The movie felt a bit long honestly, but the photography was awe-inspiring. After the credits, I found myself thinking about one specific scene way more than I would have given it credit for.

The Turkish man tells about how a mulberry saved his life:
" I was so fed up with it that I decided to end it all. One morning, before dawn, I put a rope in my car. […]. Then I gathered some mulberries to take them home. My wife was still sleeping. When she woke up, she ate mulberries as well. And she enjoyed them too. I had left to kill myself and I came back with mulberries. A mulberry saved my life. A mulberry saved my life.”
But it made me think of another famous berry in literature: Chekhov's "Gooseberries." (full text in this link). The brother of the narrator imagines his life and wants a farm:
"He could not imagine a homestead, he could not picture an idyllic nook, without gooseberries."

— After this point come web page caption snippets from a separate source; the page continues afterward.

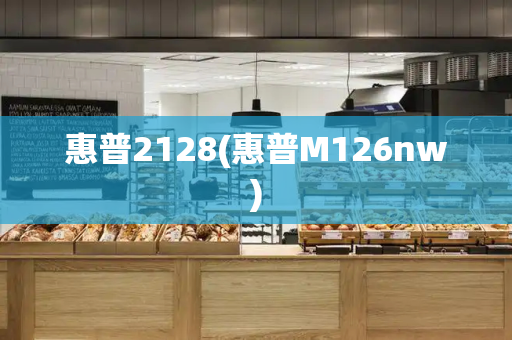 惠普2128(惠普M126nw)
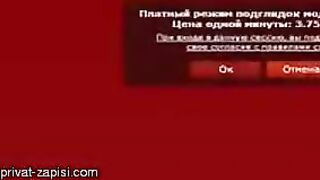 Alinn1 приват с игрушкой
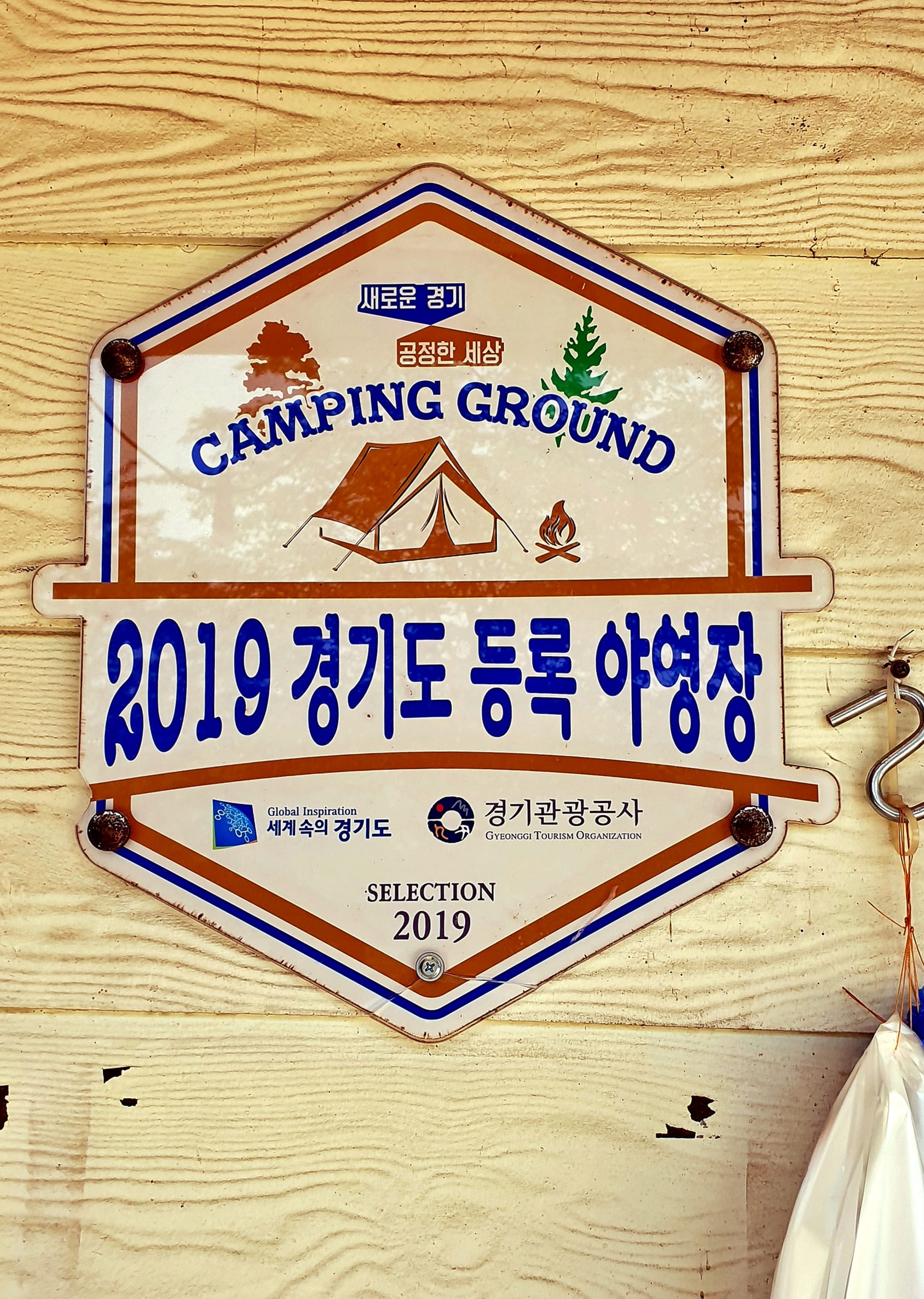 싱글벙글캠핑장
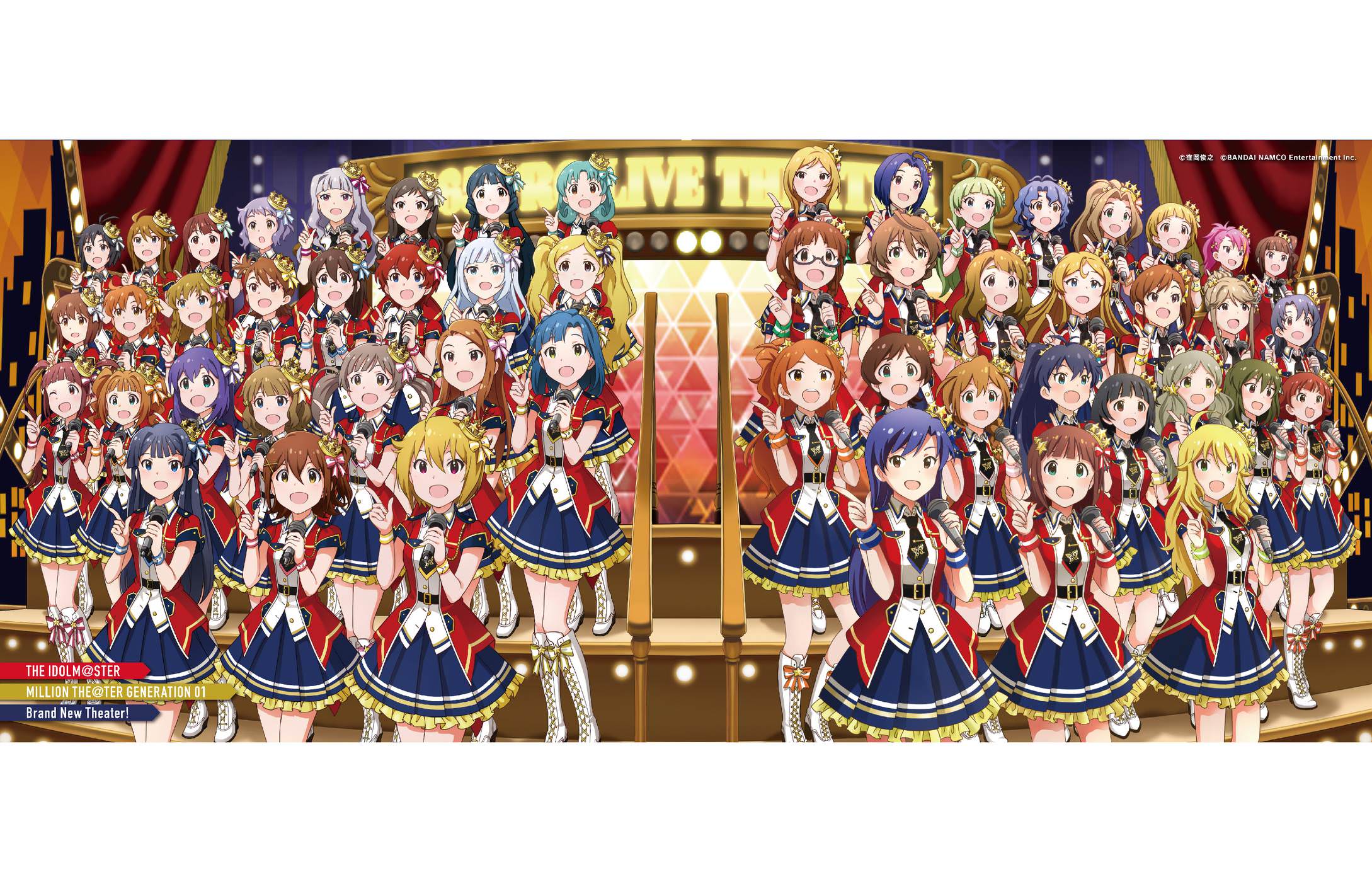 THE IDOLM@STER MILLION THE@TER GENERATION 01 Brand New Theater! | THE  iDOLM@STER: Million Live! Wiki | Fandom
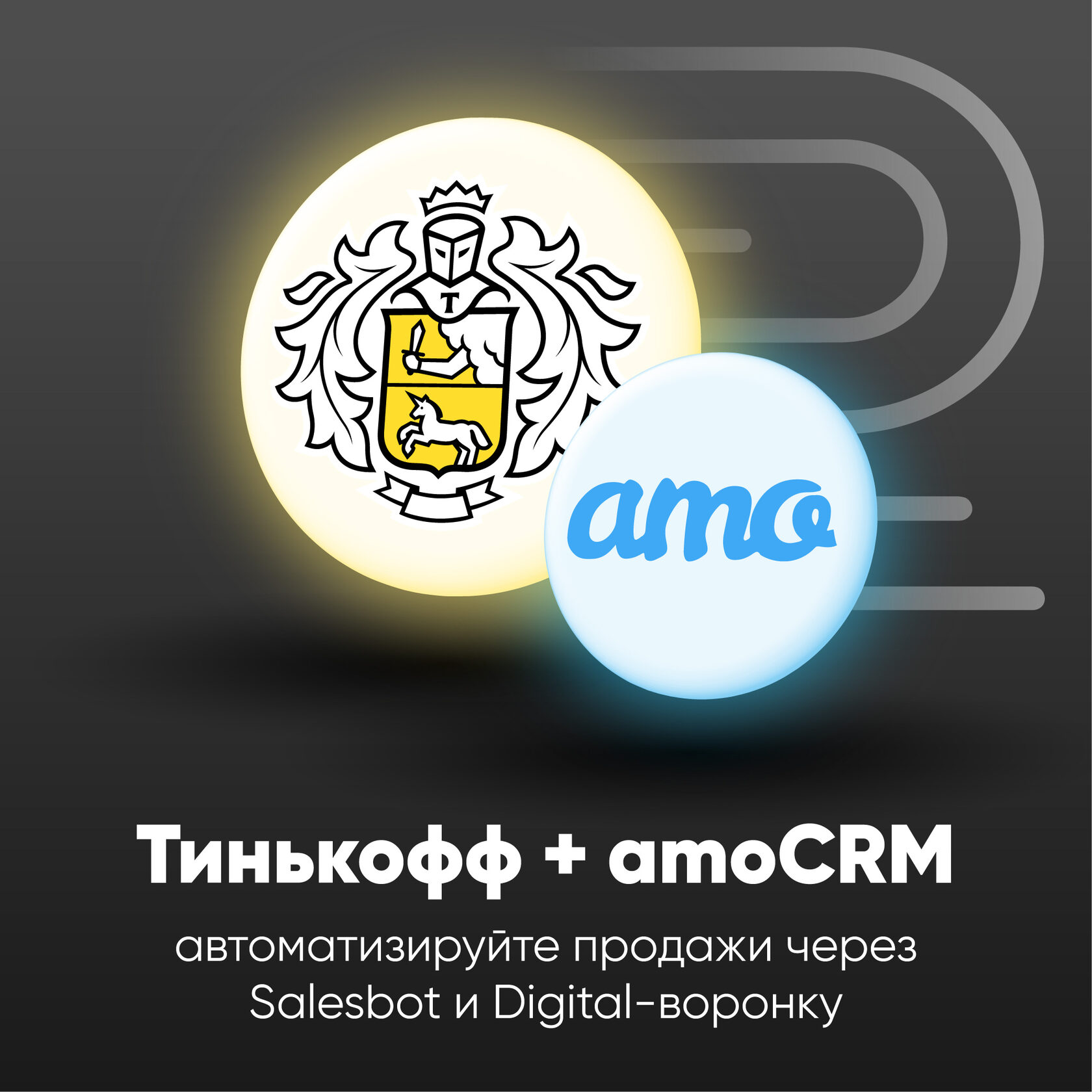 Интеграция Т-Банк с amoCRM — подключение за 5 минут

Later, when he finally achieves his dream and tastes his own gooseberries: "They were sour and unripe, but... he ate them greedily, continually repeating, 'Ah, how delicious! Do taste them!'"
And Bergman's Wild Strawberries. A little quote to introduce their importance:
Professor Isak Borg: "The place where wild strawberries grow! Perhaps I got a little sentimental... the day's clear reality dissolved into the even clearer images of memory that appeared before my eyes."
So much for berries. It’s just a fruit. So why berries?
The Mapping Theory
I think what's happening here is more complex than simple symbolism. These fruits function as activation points in what I call "memory networks”. I am talking about the networks of sensory experience, memory, and meaning that our brains build over time. Those are hidden in us in many ways, integrated.
When we encounter certain tastes, textures, or smells, we don't just experience them in isolation. Our minds activate entire webs of association that have been built through repeated experience. The fruit becomes a portal into a whole embedded reality.
Let me try mapping out what each character might have built around their fruit.
This is just my take.
Mr. Bagheri's Mulberry Map:
Sweetness → Life worth living
Tree climbing → Childhood play/safety
Dawn light → New beginnings
Taking fruit home → Providing for family
Wife enjoying them → Shared pleasure
Nikolay's Gooseberry Map:
Sweet Berry → Achievement of dreams
Own land → Independence/success
Farm ownership → Escape from bureaucracy
Self-sufficiency → Personal worth
Professor Isak Borg's Wild Strawberry Map:
Summer berries → Childhood innocence
Wild growth → Natural, unforced happiness
Small, delicate fruit → Precious, fleeting moments
Sharing with cousin → First love/intimacy
My Taste of Cherry
My grandparents would take us there with my brother and sister every summer. The house was one of those old stone Normandy places with blue shutters and a veranda that creaked when you walked on it. I have scattered memories. Reading 20,000 Leagues Under the Sea under that veranda when it was raining. I couldn’t really understand the book at the time but I remember the slightly damp pages from the sea air and the cool cover . Losing (often) at tennis against other kids and being a sore loser about it. Watching the Tour de France on TV after eating melon with ham.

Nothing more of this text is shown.